This example pipeline demonstrates how to use the HDFS ZipFile Writer Snap to zip and write a new file into HDFS, and then use the HDFS ZipFile Reader Snap to unzip and check the contents of the newly-created ZIP file.
Download this pipeline.
-
Use a Hadoop Directory Browser Snap to check the contents of the target directory before writing.
- Directory: Enter the HDFS directory path where you want to write the ZIP file.
- Filter: Use * to list all files in the directory.
This Snap outputs the initial list of files in the directory.
-
Generate a file for upload using a JSON Generator or File Reader Snap.
Create or read the file content that you want to zip and write to HDFS.
-
Configure the HDFS ZipFile Writer Snap to zip and write the file to HDFS.
- Directory: Enter the HDFS directory path where the ZIP file should be written.
- Filename: Specify the name for the ZIP file (for example, test.zip).
- Compression Level: Select the desired compression level.

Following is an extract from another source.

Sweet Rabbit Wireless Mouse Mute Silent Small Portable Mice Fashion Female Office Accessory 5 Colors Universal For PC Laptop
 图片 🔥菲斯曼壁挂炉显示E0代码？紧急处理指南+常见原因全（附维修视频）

The Snap zips the input file and writes it to the specified HDFS directory.
-
Use a second Hadoop Directory Browser Snap to verify the ZIP file was created.
Configure it with the same directory path to confirm the new ZIP file appears in the listing.
-
Configure the HDFS ZipFile Reader Snap to read and unzip the file.
- Directory: Enter the HDFS directory path containing the ZIP file.
- Filename: Specify the ZIP file to read (for example, test.zip).
- Filter: Optionally specify a filter to extract only certain files from the ZIP archive.
The Snap reads the ZIP file, extracts its contents, and outputs the unzipped file data.
On successful execution:
- The HDFS ZipFile Writer creates a compressed ZIP file in the target HDFS directory.
- The Hadoop Directory Browser confirms the ZIP file exists.
- The HDFS ZipFile Reader successfully extracts and outputs the file contents from the ZIP archive.
To successfully reuse pipelines:
- Download and import the pipeline into SnapLogic.
- Configure Snap accounts as applicable.
- Provide pipeline parameters as applicable.